One way to dissect the long list of transactions is by the following three investment stages:
Primary buyouts –where a PE fund acquires a stake in the business from the original founders.
Corporate carve-outs – where a PE fund extracts a trading division out of a larger corporation.
Secondary buyouts – where a PE fund acquires a stake in a business from another PE fund.
The info-graph below shows a selection of recent transactions in the UK travel sector by each investment stage.
Many businesses fall into more than one stage, having been through more than one transaction in recent years. Investing at each of these stages attracts different types and sizes of PE fund and requires very different investor skill sets. For example:
– An owner-managed business that is acquired through a leveraged buy-out is likely to need a PE investor who can help professionalise their processes. Scaling up a business while coping with bank covenants and debt repayments requires accurate budgeting and rigorous cash flow management.
– Corporate Carve-Outs often need a PE investor who can help rebuild whole business functions. For example, when Neilson was acquired by Risk Capital Partners from the Thomas Cook Group, there was no directly employed staff, no bank account, and was heavily reliant on its former owner for its flights and distribution through travel agents.
– Secondary buyouts may require a PE investor who can help with international expansion, or assist with bolt-on acquisitions as part of their growth strategy. Neilson’s secondary acquisition by LDC is a good example of this.

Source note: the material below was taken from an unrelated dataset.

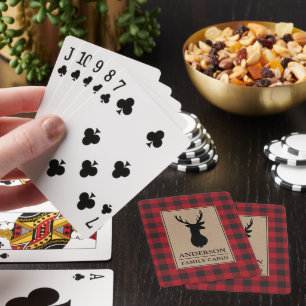 Kabinenname Deer Kraft Red Buffalo Kariert Spielkarten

As are Travel Counsellors, Great Rail Journeys, Riviera Tours and Audley.
For the travel sector to continue attracting entrepreneurs with ideas and innovation, it is vital that it continues to be seen as investable, and capable of delivering profitable returns.
It’s encouraging that there are so many transactions across all 3 of these stages. However, the best proof is the healthy number of Primary investors successfully selling to Secondary investors. For those PE funds looking at travel for the first time, nothing breeds confidence like a successful exit.